The real issue is not that we don’t own a money tree, but rather the abusive behavior of the governments that do. You can look at most countries in the world and make the case that the leaders have abused the system. No matter how much tax revenue they take in, they are incapable of living within their means as everyday citizens do. They always have to spend more.
Peek at the US debt clock to see that our leaders have pledged over $1.1 million per citizen of our future earnings to borrow and spend. And the future doesn’t look any better. Our own Bud Conrad has taken data from the Congressional Budget Office (CBO) to show where we’re headed. By the end of this decade, gross federal debt will have reached $30 trillion.
Who knows for sure what the future will bring? The facts point to inflation, meaning the value of the money from the US money tree will radically drop (and possibly collapse at some point), following the fate of most other fiat currencies throughout history.
So What Can We Do?
Here are a few guidelines for those of us who don’t own a money tree, or ever will.
- Think and act independently. There is tremendous social and government pressure to go along with the crowd and see things their way. Survivors don’t get caught up in the hype. You don’t have to have an Ivy League PhD to understand what’s going on; the handwriting is very clear.
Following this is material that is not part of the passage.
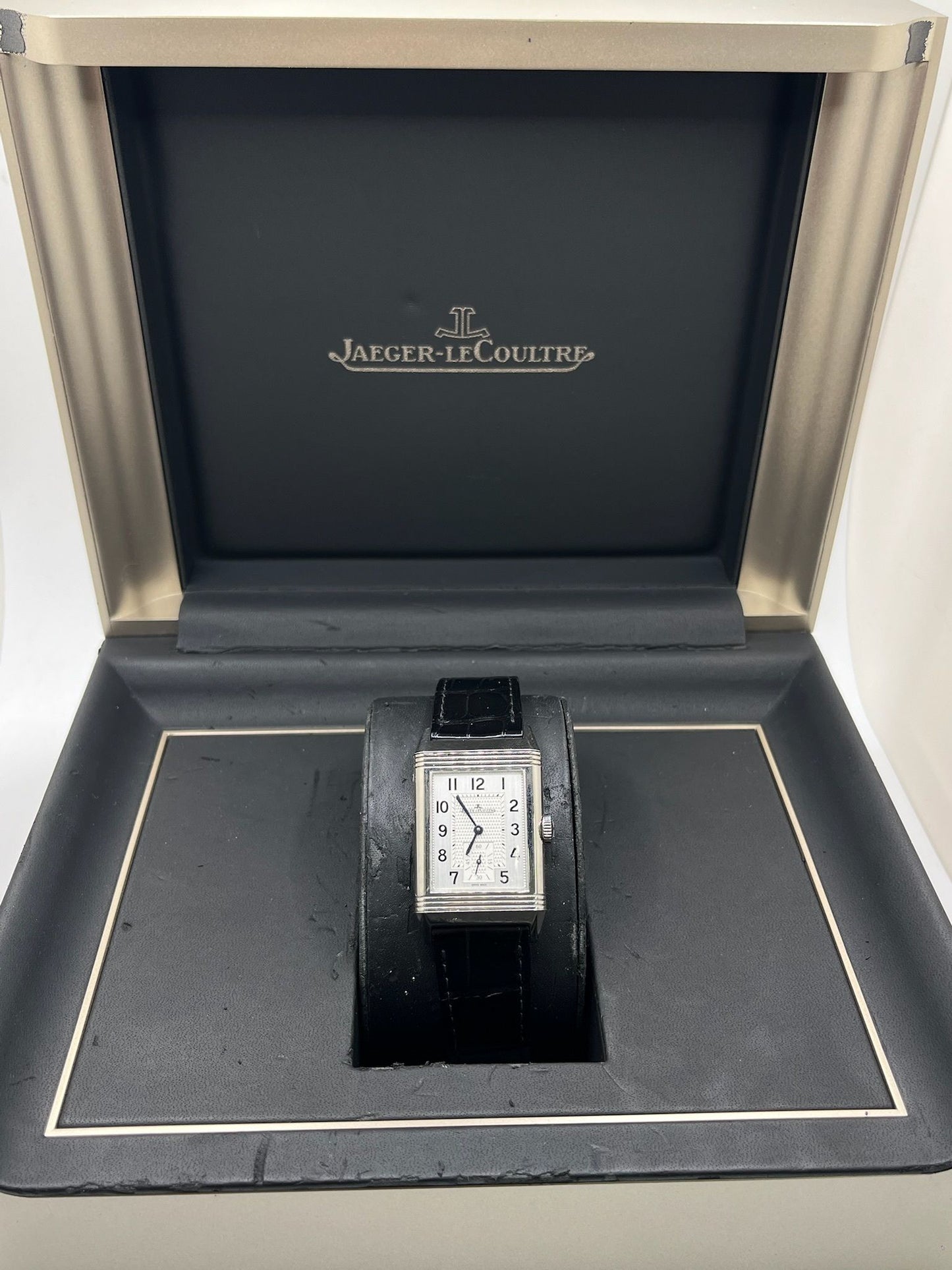 Montre Jaeger-LeCoultre Reverso Classic Small/Large réf. 214.8.62, modèle emblématique de 2017, livrée en full set avec boîte et papiers d’origine. Équipée d’une élégante boucle déployante, cette montre mécanique incarne le savoir-faire horloger suisse. Boîtier rectangulaire en acier, mouvement à remontage manuel. Une pièce raffinée pour collectionneur ou amateur de montres de prestige.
- Diversify. While you may always be a “subject” to one or the other government, the best way to protect yourself from their heavy hands is diversification. Own things like gold, silver, farm land, and investments denominated in money from other money trees. Spreading your assets across various forms of money and locations can go a long way to protect your buying power.
- Buy physical gold and silver. Gold and silver, throughout history, has been the only real forms of money. When the value of trinkets, shells, and paper collapses, precious metals are the best way to preserve your wealth. Make sure that some of your metals are held in places out of reach of your own, desperate government. While paper may cover rock in the old kids’ game, gold and silver win every time.
- Play by the rules. Like it or not, each owner of a money tree has a vast army to make sure you comply with their rules. Their goal is to protect themselves, even if it is at the expense of the hard-working citizens they are pretending to look after. There are still many legal ways to protect yourself that will allow you to keep the results of your labor.
- Be self-supporting. Don’t get caught up depending on the handouts from the government, or you will become an economic slave for life.
- Investigate all other orchards. If you find that other places in the world have better trees and less draconian rules for their working class, you may want to live there. You only live once, and keeping the fruits of your labor so you can provide for yourself and your family is called sensible economic survival.